== Segment start ==
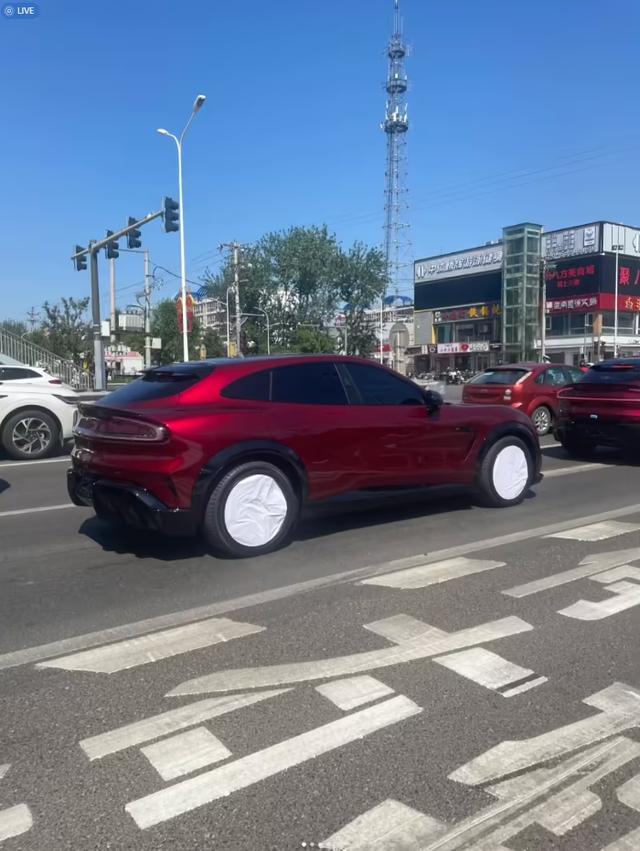 小米YU7 GT “车厘子红”无伪装实车上路|马力|路测|成都车展|小米yu7gt_订阅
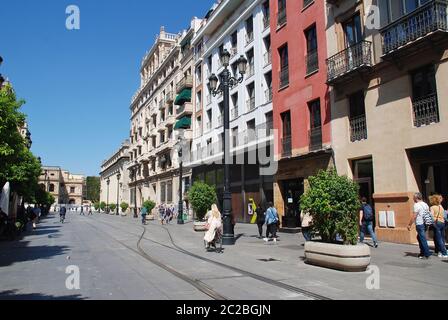 Am 3. April 2019 fahren Straßenbahnlinien die Avenida de la Constitucion in Sevilla, Spanien, entlang. Die 2km-Strecke wurde im Oktober 2007 eröffnet. Stockfoto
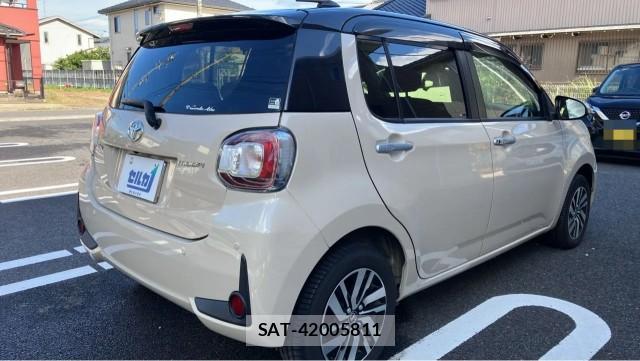 Toyota PASSO 2021-07 8282382-12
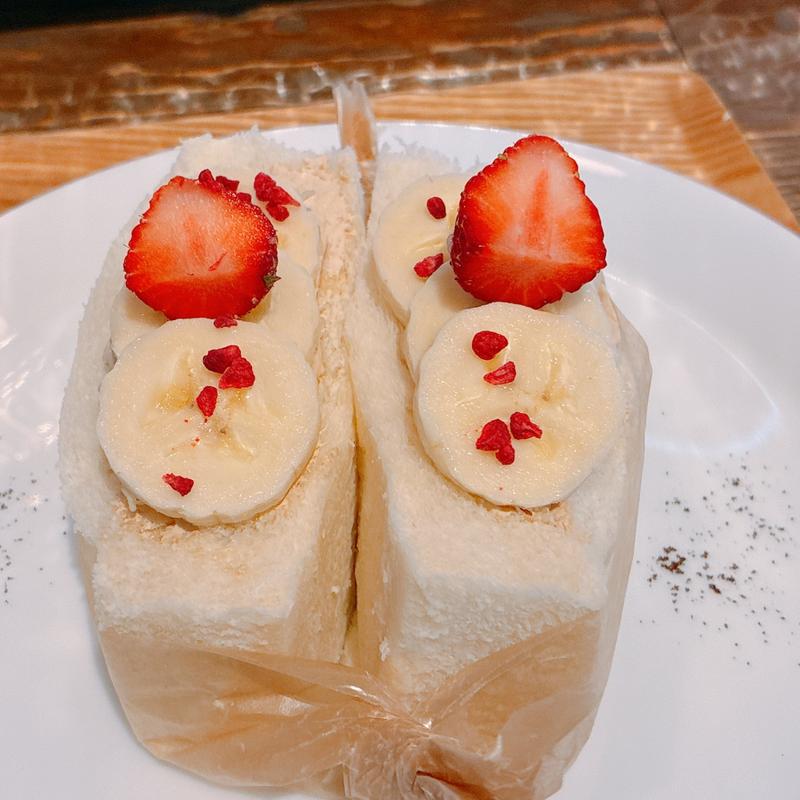 フルーツ&コーヒークリームサンド(アトリエ・モリヒコ)の写真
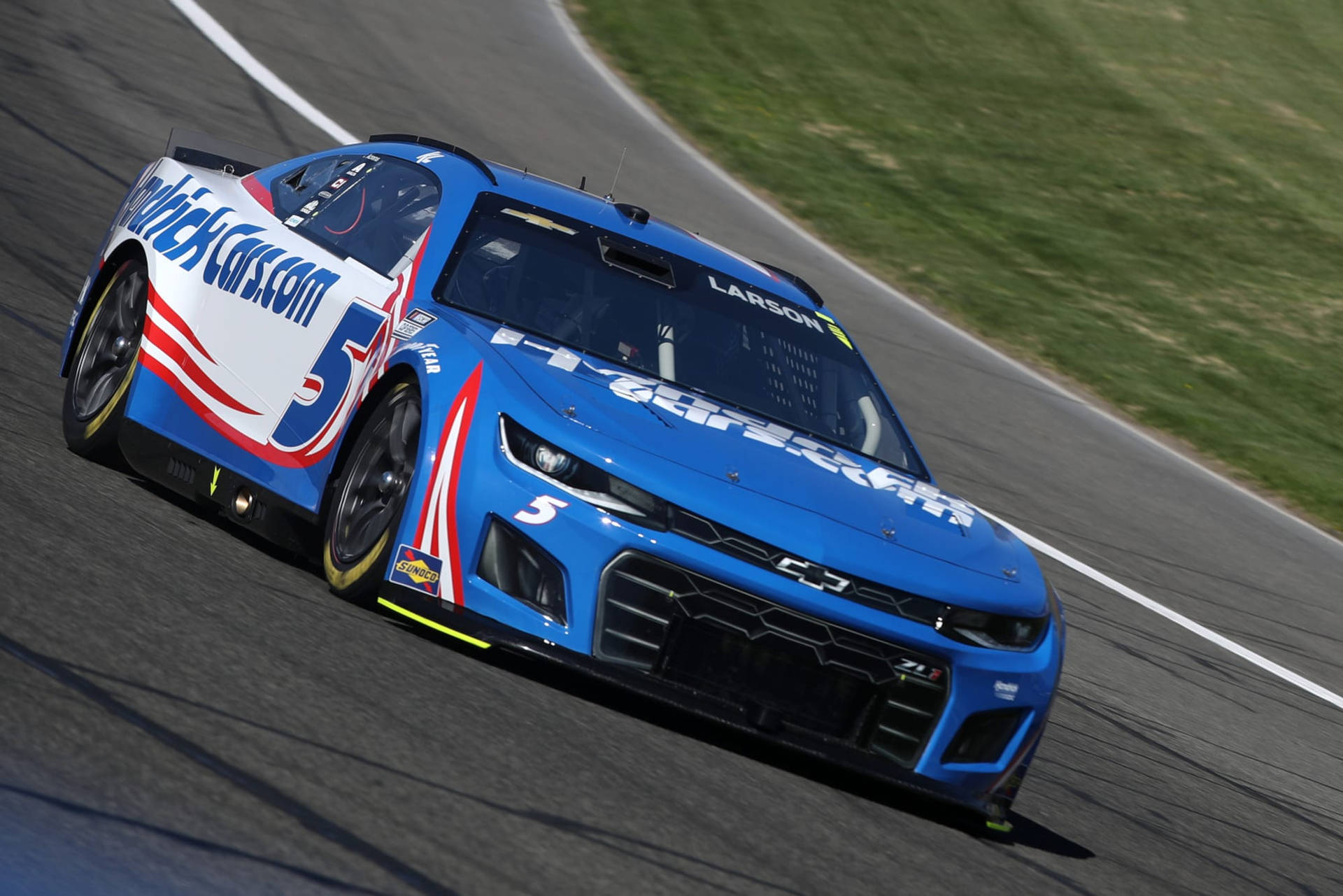 藍白色NASCAR賽車號碼5在賽道上疾馳。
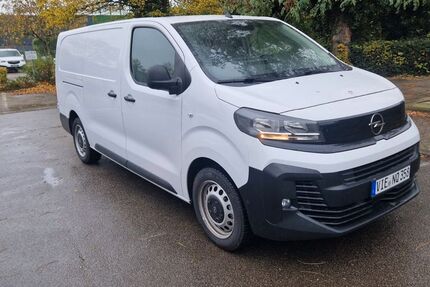 Opel Vivaro 1.419 km 22.999 € Krefeld 47805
== Segment end ==
Above are the records; set down exactly the lines from the line containing "フルーツ&コーヒークリームサンド(アトリエ・モリヒコ)の写真" through their last line, leaving every picture out.

Task answer »
 フルーツ&コーヒークリームサンド(アトリエ・モリヒコ)の写真
 藍白色NASCAR賽車號碼5在賽道上疾馳。
 Opel Vivaro 1.419 km 22.999 € Krefeld 47805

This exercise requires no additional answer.